YOUR TASK
Going through the material below, output exactly the lines from the one containing "-蛙小侠(珠海华发商都店)" through the one containing "Marcus Morrison - Facebook", and no pictures.

AVAILABLE DATA
--- START ---

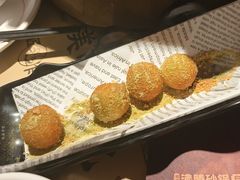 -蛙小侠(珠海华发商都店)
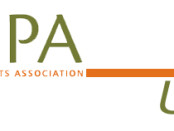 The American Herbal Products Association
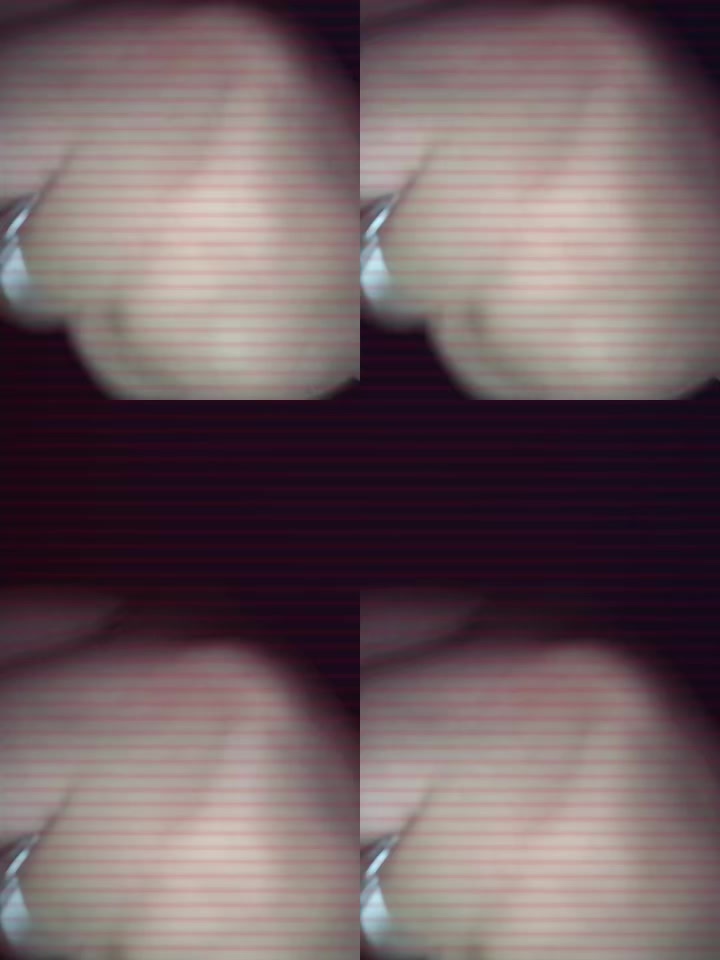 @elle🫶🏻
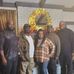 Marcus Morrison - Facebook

--- END ---
--- START ---

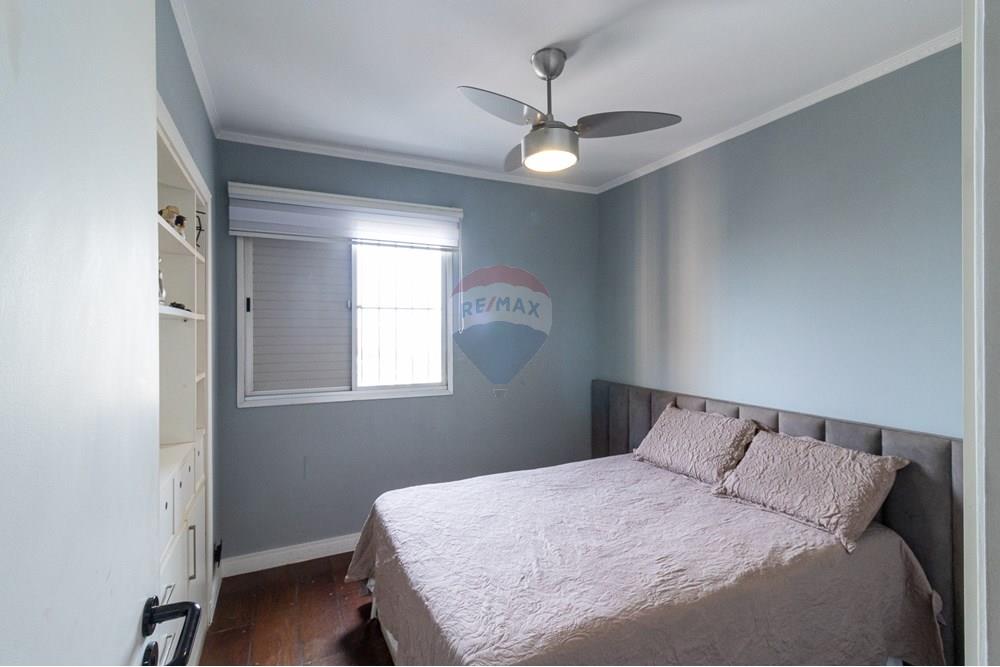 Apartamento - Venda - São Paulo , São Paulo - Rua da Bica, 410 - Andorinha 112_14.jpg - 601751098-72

--- END ---

ANSWER BELOW
 -蛙小侠(珠海华发商都店)
 The American Herbal Products Association
 @elle🫶🏻
 Marcus Morrison - Facebook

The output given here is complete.